While the symptoms of jumper's knee are not hard to recognize if
one listens carefully to the patient's detailed description of what
they have been experiencing, specific diagnostic tests are often
required on physical examination to confirm the presence of this malady.
If the knee is examined for proximal patellar tendon tenderness at the
wrong joint flexion angle and/or with incorrect patellar posture, no
tenderness may be elicited and the diagnosis may therefore be missed.
During the course of rendering many second opinions over the years,
I have seen a number of cases where patellar tendinitis had been mistaken
for chondromalacia patella or knee arthritis, leading to an initial
recommendation for an unnecessary knee arthroscopy.
Once diagnosed, and assuming that advanced tissue degeneration within the patellar tendon has not yet occurred, treatment is almost always initiated by non-operative means. A program of physical therapy may include quadriceps (frontal thigh muscle) stretching with special augmentation techniques, light conditioning exercise, multi-angle quadriceps isometrics, eccentric quadriceps strengthening, ice and friction massage to the tendon, dexamethasone iontophoresis, and sometimes ultrasound. Such therapy often proves effective, particularly when accompanied by oral anti-inflammatory medication. Obviously, avoiding the inciting stress or abnormal activity that caused the problem in the first place is helpful as well.
Cases that prove unresponsive to activity modification, physical therapy and oral anti-inflammatory medication may often be successfully treated by way of appropriately administered corticosteroid (cortisone) injection. This treatment should be used very judiciously and only with proper injection technique, which usually involves placing a small dose of this anti-inflammatory medicine directly at the inflamed tendon-bone junction and an additional dose deep to (beneath) the upper tendon. In my experience, approximately 9 out of 10 cases of patellar tendinitis respond satisfactorily to non-operative treatment. However, if treatment is unsuccessful or if the condition is left untreated and allowed to progress, gradual tissue degeneration can weaken the patellar tendon and may occasionally result in spontaneous and unexpected tendon rupture during vigorous physical exertion. This is an unwelcome and sometimes catastrophic occurrence.

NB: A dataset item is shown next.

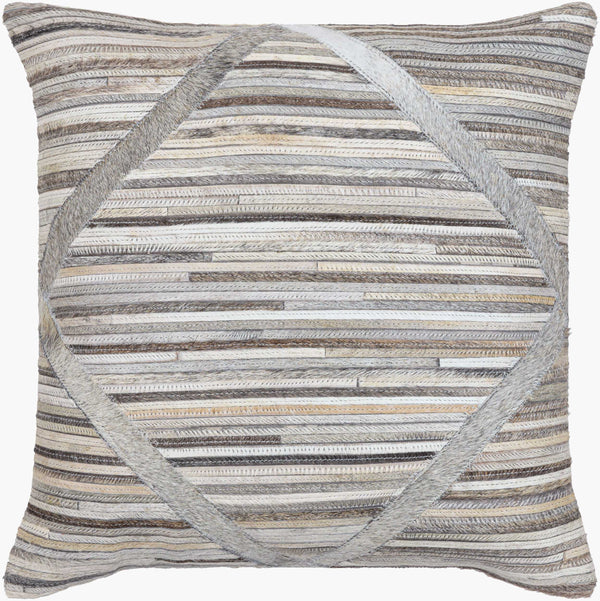 Surya Zander Rustic 20" Accent Pillow Kit - Create Unique Home Decor With Leather & Cotton Components Gray Leather,Polyester,Cotton Znd008-2020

In cases where advanced inflammatory degeneration has occurred within the upper tendon and/or in cases that have proven unresponsive to 6-12 months of non-operative management, surgical treatment is often the best option. A cure, or at least a significant improvement in symptoms, can usually be obtained by surgically excising the deteriorated tendon substance through a small skin incision located directly over the affected area. The small, unfilled space left by the excision of the chronically inflamed and degenerated tendon tissue gradually fills in with benign, fibrous scar tissue, usually bringing relief of the patient's pain. While the ability to kneel on hard surfaces in total comfort may never return, surgery often provides gratifying relief for many difficult cases of this condition.